# Work item
If a line in the material below holds the string "Handcrafted", tally it, then give the tally alone.

# Information given

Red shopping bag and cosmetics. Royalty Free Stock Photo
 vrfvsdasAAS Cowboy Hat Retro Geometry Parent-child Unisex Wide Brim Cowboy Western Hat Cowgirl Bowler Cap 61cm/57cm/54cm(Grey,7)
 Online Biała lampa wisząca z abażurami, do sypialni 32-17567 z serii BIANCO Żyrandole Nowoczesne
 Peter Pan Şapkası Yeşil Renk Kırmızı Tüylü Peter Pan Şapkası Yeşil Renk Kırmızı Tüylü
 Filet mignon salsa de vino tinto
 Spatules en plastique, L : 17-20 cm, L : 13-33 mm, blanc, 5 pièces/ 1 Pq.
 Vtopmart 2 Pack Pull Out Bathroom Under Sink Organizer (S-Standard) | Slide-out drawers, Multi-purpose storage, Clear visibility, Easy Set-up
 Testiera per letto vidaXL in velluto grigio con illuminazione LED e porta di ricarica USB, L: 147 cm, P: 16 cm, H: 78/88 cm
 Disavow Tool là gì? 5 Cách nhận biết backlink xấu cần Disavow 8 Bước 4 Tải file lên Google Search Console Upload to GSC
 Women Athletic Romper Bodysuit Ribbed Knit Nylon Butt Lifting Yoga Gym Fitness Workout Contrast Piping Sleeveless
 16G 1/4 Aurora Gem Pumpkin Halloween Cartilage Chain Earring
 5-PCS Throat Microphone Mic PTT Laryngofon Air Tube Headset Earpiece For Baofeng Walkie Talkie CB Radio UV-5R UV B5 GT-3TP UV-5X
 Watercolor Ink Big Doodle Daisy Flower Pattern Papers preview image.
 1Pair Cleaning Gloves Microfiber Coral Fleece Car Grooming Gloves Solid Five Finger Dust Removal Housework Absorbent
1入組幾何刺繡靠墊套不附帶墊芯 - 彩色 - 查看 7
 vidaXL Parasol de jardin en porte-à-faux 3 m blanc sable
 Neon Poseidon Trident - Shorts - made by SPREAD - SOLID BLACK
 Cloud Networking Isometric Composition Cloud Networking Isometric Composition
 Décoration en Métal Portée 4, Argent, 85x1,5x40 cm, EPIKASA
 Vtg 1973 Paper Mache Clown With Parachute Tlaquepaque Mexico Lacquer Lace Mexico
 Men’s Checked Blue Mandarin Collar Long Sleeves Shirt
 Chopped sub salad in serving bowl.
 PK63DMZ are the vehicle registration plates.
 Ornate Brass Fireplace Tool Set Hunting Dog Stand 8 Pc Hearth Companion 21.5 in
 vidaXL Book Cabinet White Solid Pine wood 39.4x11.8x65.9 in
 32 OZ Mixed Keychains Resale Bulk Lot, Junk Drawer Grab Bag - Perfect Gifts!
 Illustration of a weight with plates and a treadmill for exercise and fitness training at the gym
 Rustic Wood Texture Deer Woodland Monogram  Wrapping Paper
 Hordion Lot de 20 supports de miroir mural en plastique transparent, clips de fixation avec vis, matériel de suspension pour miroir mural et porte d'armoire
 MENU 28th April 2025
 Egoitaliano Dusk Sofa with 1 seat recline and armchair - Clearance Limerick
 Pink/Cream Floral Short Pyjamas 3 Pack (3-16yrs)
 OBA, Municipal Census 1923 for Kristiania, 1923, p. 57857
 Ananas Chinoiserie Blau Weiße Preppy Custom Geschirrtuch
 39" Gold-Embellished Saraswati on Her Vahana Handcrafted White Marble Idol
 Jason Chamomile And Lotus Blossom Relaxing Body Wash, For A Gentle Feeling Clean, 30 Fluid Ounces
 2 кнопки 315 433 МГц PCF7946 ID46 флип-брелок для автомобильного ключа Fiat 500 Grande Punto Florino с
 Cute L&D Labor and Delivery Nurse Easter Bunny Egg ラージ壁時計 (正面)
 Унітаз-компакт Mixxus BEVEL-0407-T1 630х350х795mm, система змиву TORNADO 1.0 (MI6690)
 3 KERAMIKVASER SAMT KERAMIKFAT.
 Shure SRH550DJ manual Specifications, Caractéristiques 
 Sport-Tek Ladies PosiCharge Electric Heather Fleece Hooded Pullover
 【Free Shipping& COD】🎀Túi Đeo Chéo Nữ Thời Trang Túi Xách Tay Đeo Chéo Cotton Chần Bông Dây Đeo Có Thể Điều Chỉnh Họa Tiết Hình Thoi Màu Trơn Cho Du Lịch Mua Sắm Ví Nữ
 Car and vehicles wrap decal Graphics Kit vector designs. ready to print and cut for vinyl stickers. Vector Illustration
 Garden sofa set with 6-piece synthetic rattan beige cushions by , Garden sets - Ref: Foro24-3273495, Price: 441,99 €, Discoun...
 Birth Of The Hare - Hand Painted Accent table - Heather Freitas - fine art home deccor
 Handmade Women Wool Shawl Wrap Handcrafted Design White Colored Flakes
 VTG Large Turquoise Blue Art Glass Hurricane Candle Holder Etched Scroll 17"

# Exercise response
2